Writing explicit string with os.fsencode() works:

>>> os.stat(os.fsencode('with\x08ackspace'))
os.stat_result(st_mode=33188, st_ino=1053465, st_dev=2049, st_nlink=1, st_uid=1000, st_gid=1000, st_size=0, st_atime=1536468565, st_mtime=1536468565, st_ctime=1536468565)

However, with multiple variations on the same command, I still can't read the string from the file such that os.stat() accepts it.

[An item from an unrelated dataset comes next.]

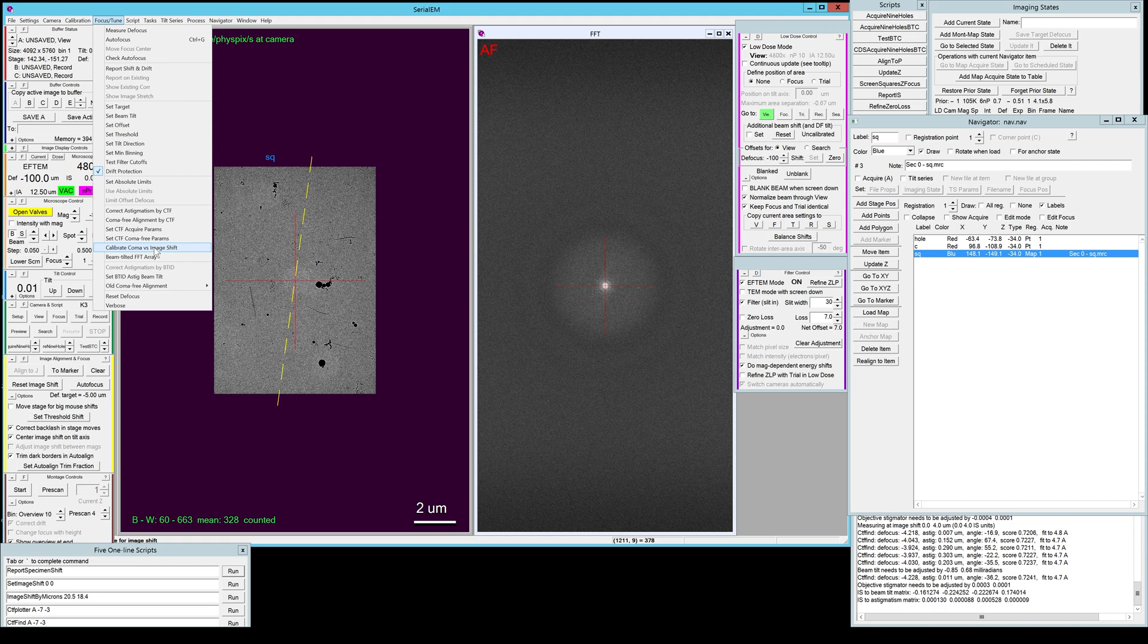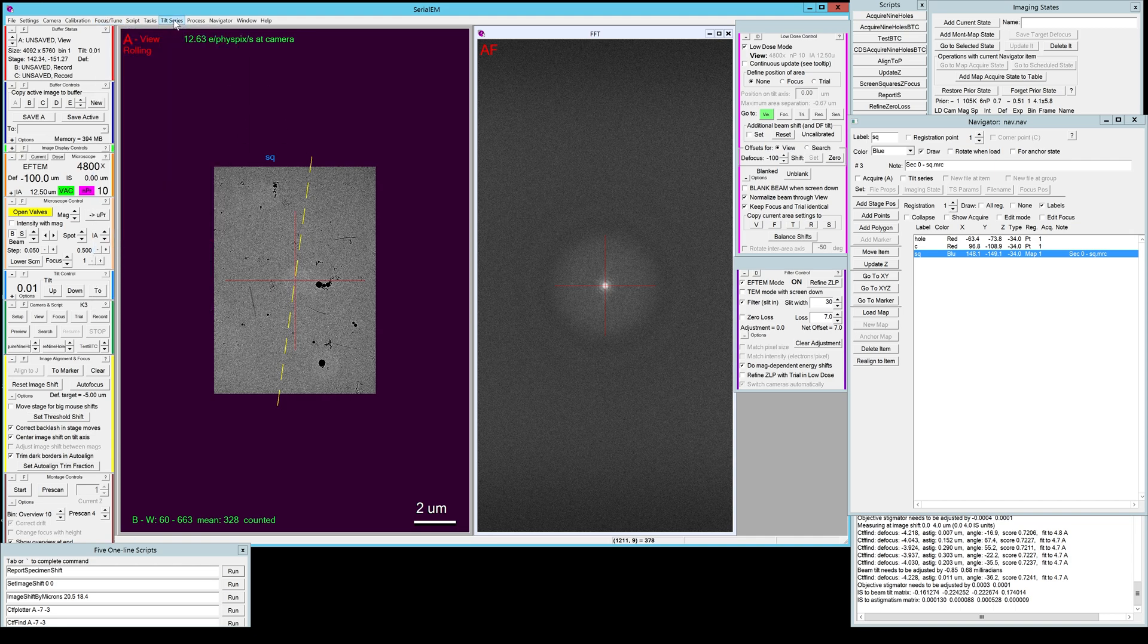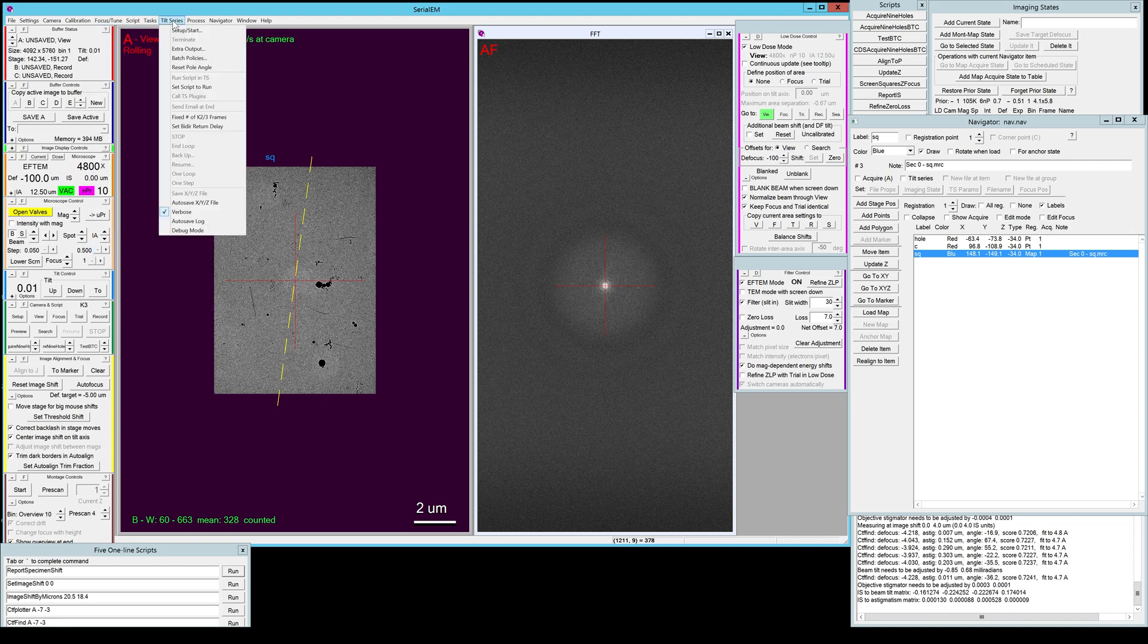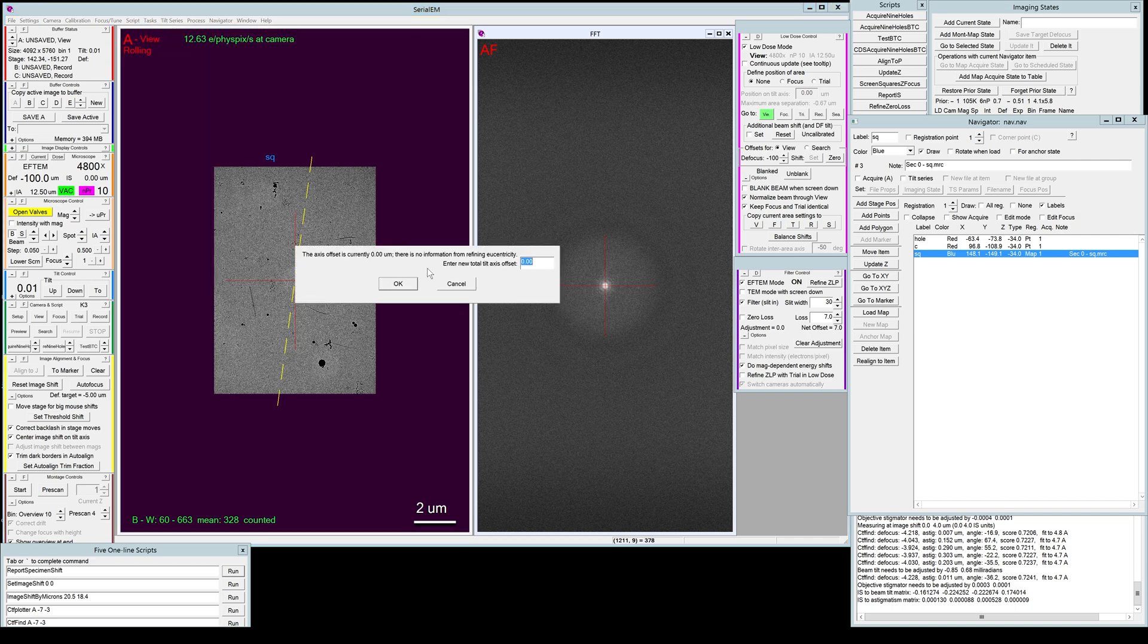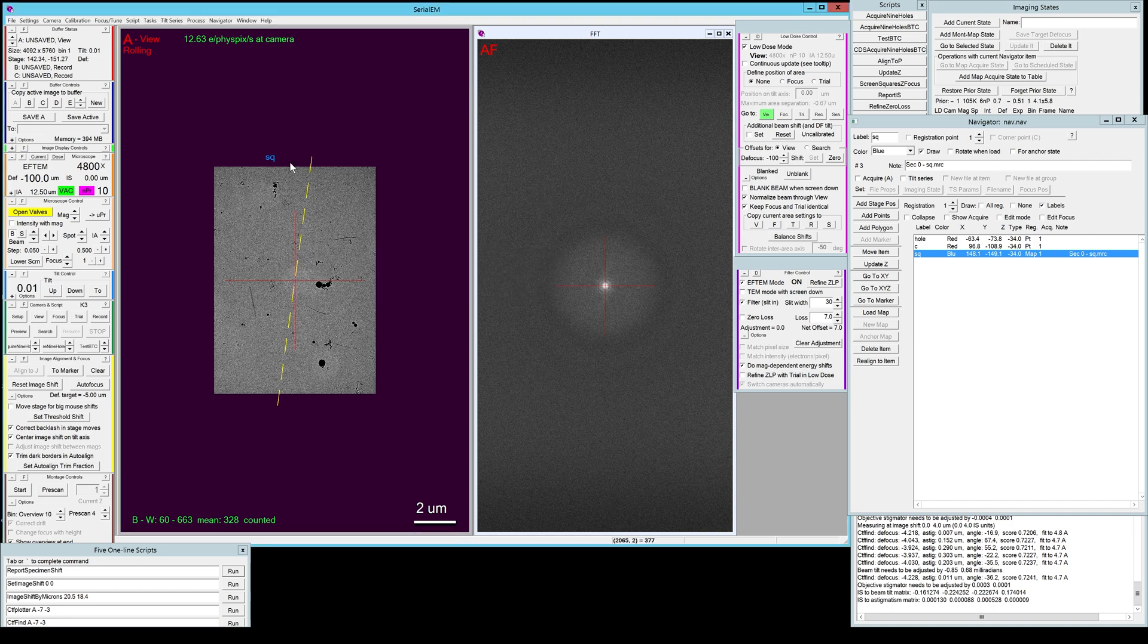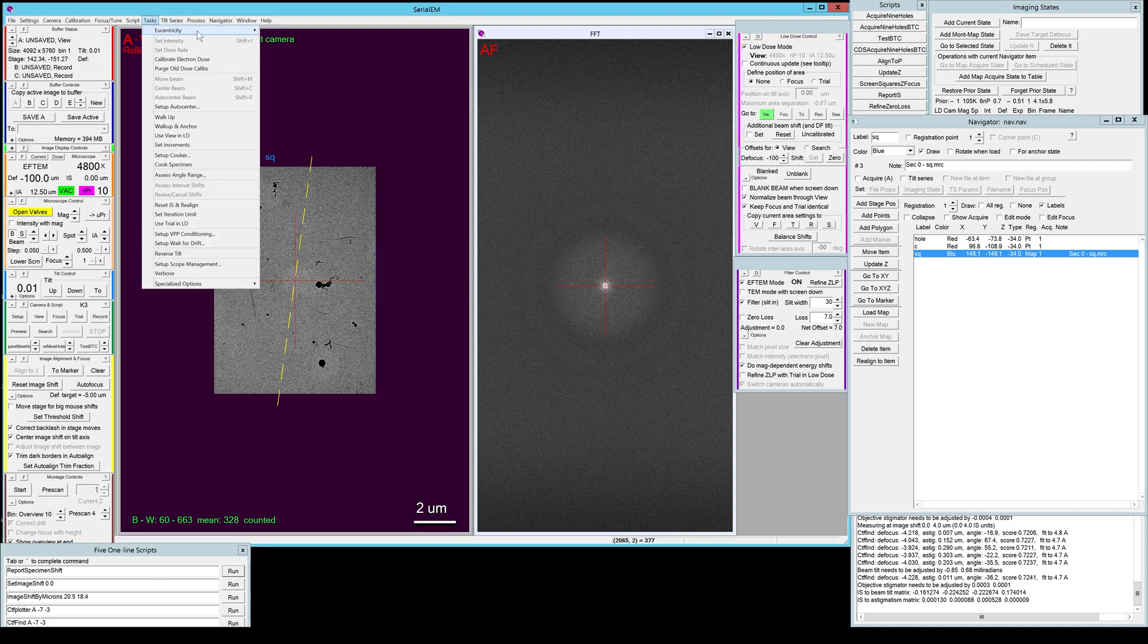Another setting that is important to make sure that you don't have a strong defocus gradient throughout the tilt series is the tilt axis offset, and that can be set in Tasks, Eucentricity, Set Tilt Axis Offset. So right now it's set to zero.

>>> with open('./input.txt') as f:
...      for l in f:
...          os.stat(os.fsdecode( bytes(l.strip(),'utf-8').decode('unicode_escape').encode('latin1') ) )
... 
Traceback (most recent call last):
  File "<stdin>", line 3, in <module>
FileNotFoundError: [Errno 2] No such file or directory: './with\x08ackslash'

Please clarify what the correct resulting transformation should be for the two samples. — wallyk, Sep 09 '18 at 03:37
@wallyk I'm not sure what you mean by " correction resulting transformation" phrase, so please clarify. The objective is to pass each string as valid pathname to `os.stat()`. As you can see from two examples, passing string as read from file and with `.decode()` produce a string that cannot be interpreted by `os.stat()`. Files with such filenames exist on my filesystem and I need a Pythonic way of accessing them. Does that help ? — Sergiy Kolodyazhnyy, Sep 09 '18 at 03:42
So is the `\b` a backspace or is it a directory separator follow by a `b`? — Stephen Rauch, Sep 09 '18 at 04:45
@StephenRauch I'm working on Linux, so it's not directory separator. The file is created with `touch$'\b'ackspace'`. So `\b` in the filename is the actual backslash byte. In the `input.txt` that's a string. As I mentioned in the question, I've looked at a related question that suggests using `.decode('unicode_escape')` on a string, however that doesn't work. I'll edit an answer to add more output in a second — Sergiy Kolodyazhnyy, Sep 09 '18 at 04:52
I would like to say that putting a backspace into your filename is an extraordinarily bad idea. — Stephen Rauch, Sep 09 '18 at 04:53
Have you tried: https://stackoverflow.com/questions/1885181/how-do-i-un-escape-a-backslash-escaped-string-in-python ? — Stephen Rauch, Sep 09 '18 at 04:56
@StephenRauch I'm very well aware of that. Not the first day of dealing with filenames on Linux. However, I am trying to anticipate such filenames from another user if they use my scripts. It's the same reasoning as to why in bash we do `while IFS= read -r line; do ..; done < input.txt` We can't assume `input.txt` won't have backslashes in text, or leading whitespace in the line. — Sergiy Kolodyazhnyy, Sep 09 '18 at 04:56
@StephenRauch Yes I have tried the linked suggestion. I actually linked it in my question. The added output at the end of the question also shows the linked suggestion doesn't help. — Sergiy Kolodyazhnyy, Sep 09 '18 at 04:57
At work I have Linux readily available, at home Windows. Wish I could be more helpful.. Good luck. — Stephen Rauch, Sep 09 '18 at 04:58
@StephenRauch No worries. Thanks for attempting to help anyway. — Sergiy Kolodyazhnyy, Sep 09 '18 at 04:59

score 1 · Answer 1 · answered Sep 09 '18 at 05:17

Works in macos:

touch $'with\backspace'
touch $'with\newline'
echo $'./with\\backspace\n./with\\newline' > input.txt
python
>>> import os
>>> with open('./input.txt') as f:
...     for l in f:
...         os.stat(l.strip().decode('unicode_escape'))
posix.stat_result(st_mode=33188, st_ino=8604304962, st_dev=16777220, st_nlink=1, st_uid=501, st_gid=20, st_size=0, st_atime=1536469815, st_mtime=1536469815, st_ctime=1536469815)
posix.stat_result(st_mode=33188, st_ino=8604305024, st_dev=16777220, st_nlink=1, st_uid=501, st_gid=20, st_size=0, st_atime=1536470112, st_mtime=1536470112, st_ctime=1536470112)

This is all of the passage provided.